2017 at a glance:The Jaguars hardly could have expected more from the end position this past season than they received. Not only did Campbell have a career season after signing as an unrestricted free agent in the 2017 offseason, Ngakoue continued to emerge as one of the best young pass rushers in the NFL – and Fowler was a force in nickel situations. Campbell, who signed as an unrestricted free agent from Arizona, registered a career-high and franchise record 14.5 sacks with 14 tackles for loss and was the runner-up for Associated Press Defensive Player of the Year.

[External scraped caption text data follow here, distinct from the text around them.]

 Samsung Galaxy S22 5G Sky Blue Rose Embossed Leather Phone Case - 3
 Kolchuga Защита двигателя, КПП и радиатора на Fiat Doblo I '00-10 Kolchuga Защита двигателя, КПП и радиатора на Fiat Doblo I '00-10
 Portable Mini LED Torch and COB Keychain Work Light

Campbell and Ngakoue both were named to the Pro Bowl, with Ngakoue named to the game as an alternate in his second NFL season after registering a career-high 12 sacks and 10 tackles for loss. Fowler played 45 percent of the team's plays, registering seven tackles for loss and a career-high eight sacks in the regular season; he also had two sacks and two tackles for loss in the postseason.
Offseason storyline:This likely will be among the Jaguars' quietest areas this offseason. Campbell, Smoot, Ngakoue and Fowler are all under contract for the long-term, though the team does have a decision forthcoming on Fowler's fifth-year option for the 2019 season. The team must decide whether to exercise that option by May 3. If they exercise it, they control his rights through 2019. If they don't, he can become an unrestricted free agent in 2019 unless he re-signs with the Jaguars before then.

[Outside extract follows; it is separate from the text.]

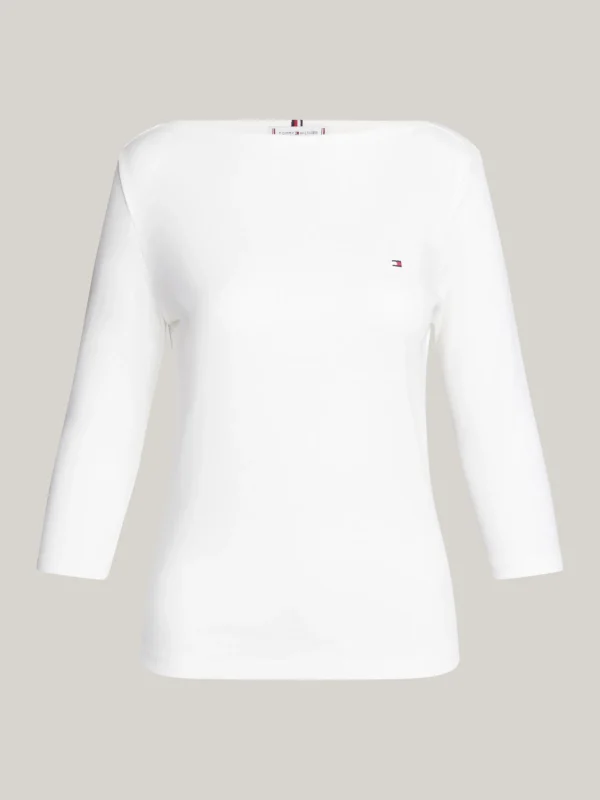Tommy Hilfiger T-Shirt mit U-Boot-Ausschnitt und 3/4-Ärmeln NOS ECRU Shop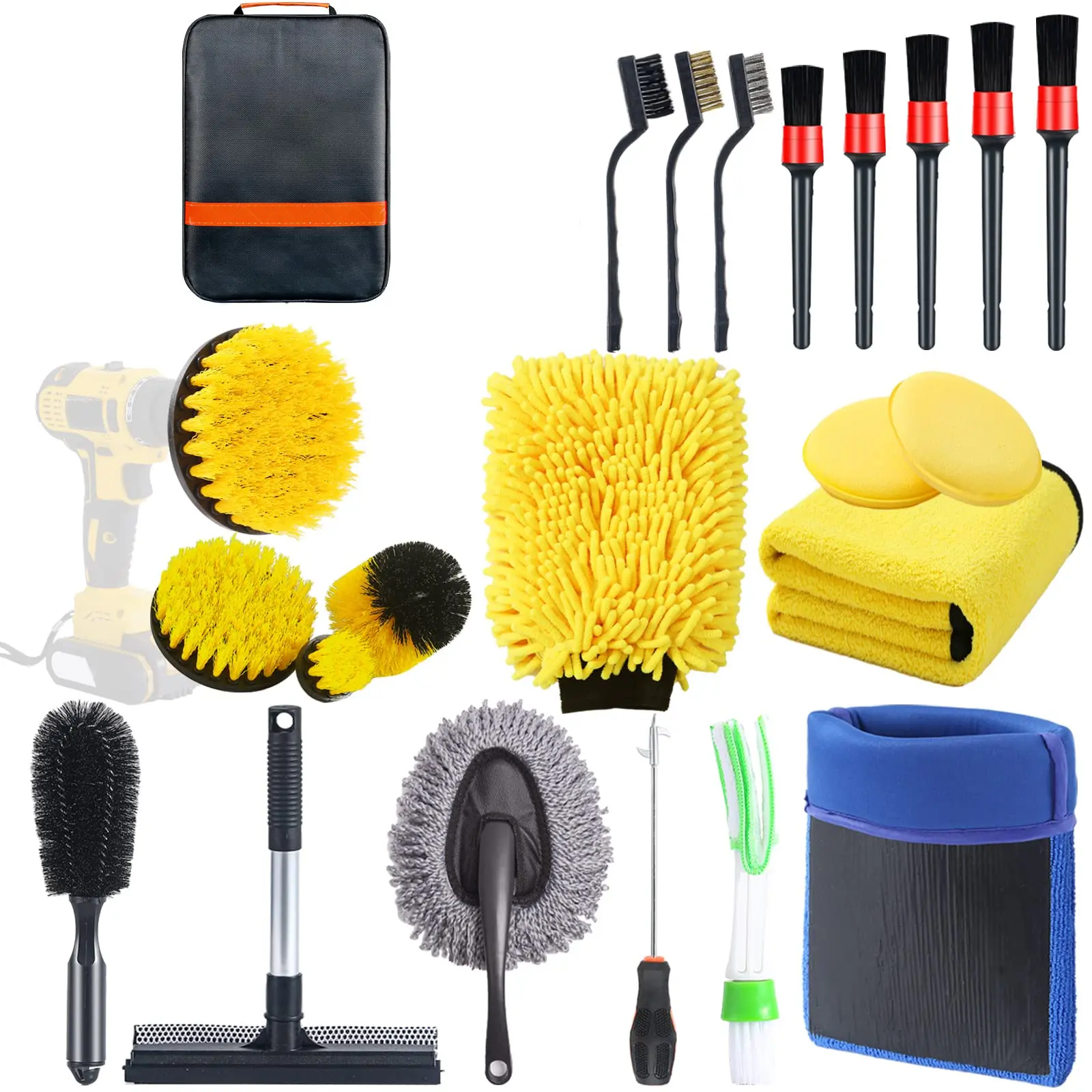 New 23Pcs Exterior Interior Car Wash Cleaning Tools Kit Drill Brush with Bag Car Wash Equipment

Free agents as of March 14:None.
Oehser analysis:This was among the team's strongest areas in 2017 – and that appears likely to be the case in 2018. Campbell was a key to the defense on and off the field, becoming the first defensive end in franchise history named first-team All-Pro and making his third Pro Bowl; he also provided leadership for a team that ranked among the NFL's best defenses through the entire season. Ngakoue didn't receive the postseason accolades that Campbell earned, but forget honors: Ngakoue was key to the team's pass rush and appears likely to be a core player for this defense for the foreseeable future. Fowler may not yet quite have fulfilled the expectations that come along with being the No. 3 overall selection in the 2015 NFL Draft, but his effort and playmaking ability makes him key to the defense. The team has reason to be optimistic about Smoot, who as a rookie quietly played 16 solid games and has the look of a long-time contributor and possible future starter.

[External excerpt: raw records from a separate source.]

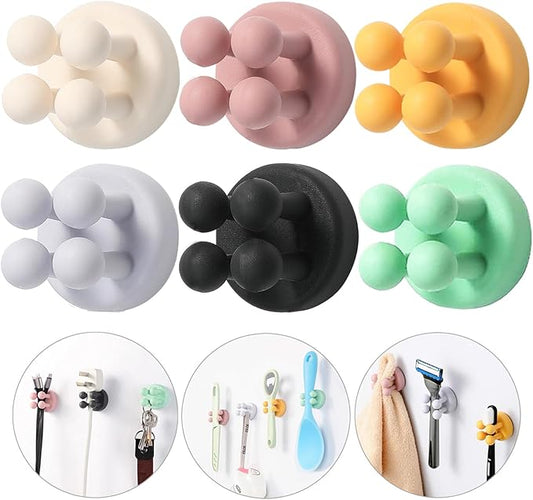 iBetterLife Silicone Toothbrush Holders for Bathrooms - 6Pcs Razor Holder for Shower Wall Mounted Self Adhesive Multifunctional Cute Hook for Kids Hanging Tooth Brush for Kitchen Living Room Office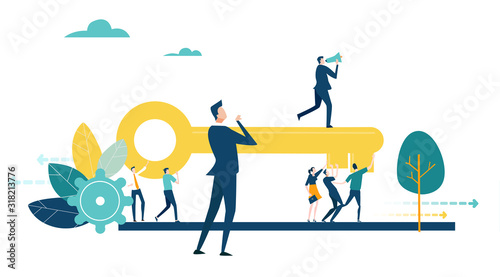 Team of business proper caring golden key as symbol of working together  team achievement and delivery the deal. Business concept illustration 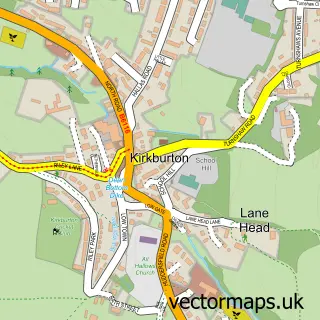 Street map sample of Kirkburton, West Yorkshire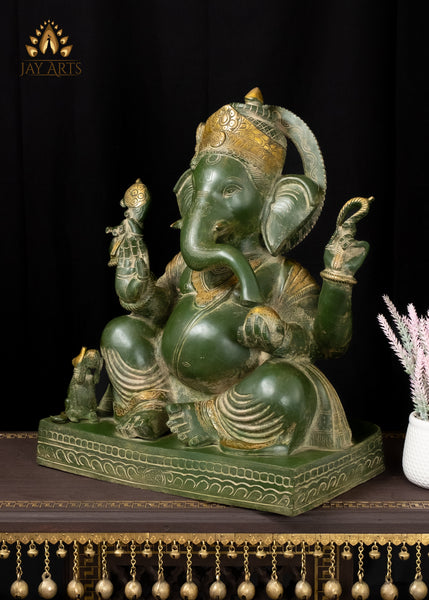 20" Lord Ganapati Seated with a Big Belly in Abhaya Mudra Brass Ganesh Statue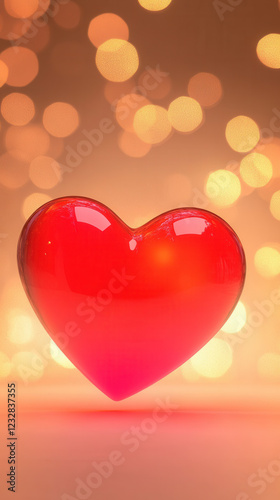 Monochrome soft beige background, single vibrant red heart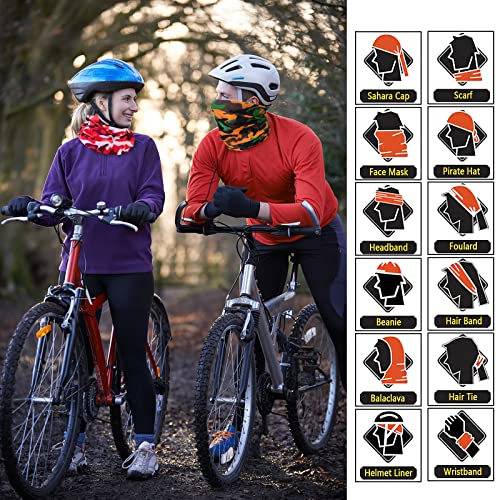 Image of Tarpop 12 /30 Pcs Neck Gaiters Scarf Elastic Wrap Headband Sweat Absorbing Bandana for Women Men Sports Yoga Running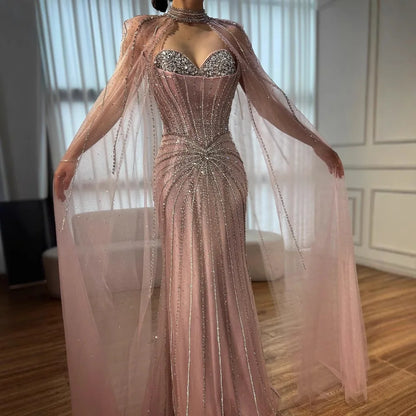 Red Beaded Mermaid Luxury Evening Dress with Cape LA72811A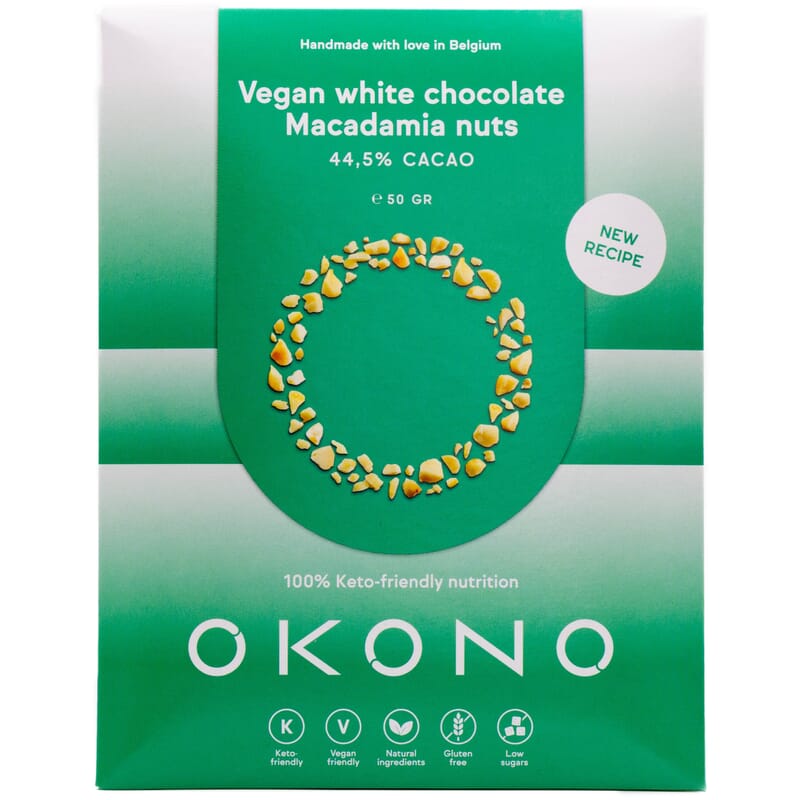 OKONO - Chocolat blanc aux noix de macadamia végétalien Keto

Sexton analysis: We knew the addition of Campbell a year ago would improve the pass rush, probably significantly. But we couldn't have said it would revolutionize it – and that might not be a strong enough adjective to describe what happened. Campbell was a revelation from Week 1 – when he set a franchise single-game record with four sacks in Houston – through December, when he set the franchise single-season record with 14.5. He wasn't just dominant; he was overpowering from his spot outside and didn't allow teams to slide their protection schemes toward Ngakoue and Fowler Jr. We knew those two were oozing potential; we saw it from both players in 2016. Who knew that Ngakoue would become the most prolific strip-sack end since Derrick Thomas? The second-year end registered 12 sacks, forcing six fumbles that led to five Jaguars defensive touchdowns. He was such a threat that teams started sliding toward him, allowing Campbell one-on-one action. Fowler added eight sacks and two more in the playoffs, when you could see all the traits that made him the third pick in the 2015 NFL Draft. Fowler's athleticism is epic; pushed hard by Campbell and Ngakoue, he rushed the quarterback with a greater sense of purpose in his third season. Mix in Smoot, who provided quality depth in all 16 regular-season games and the playoffs, and you have the team's most talented position group. You wouldn't bother taking an end in the draft unless something entirely unexpected happened; he couldn't make your roster … this group is absolutely set for 2018.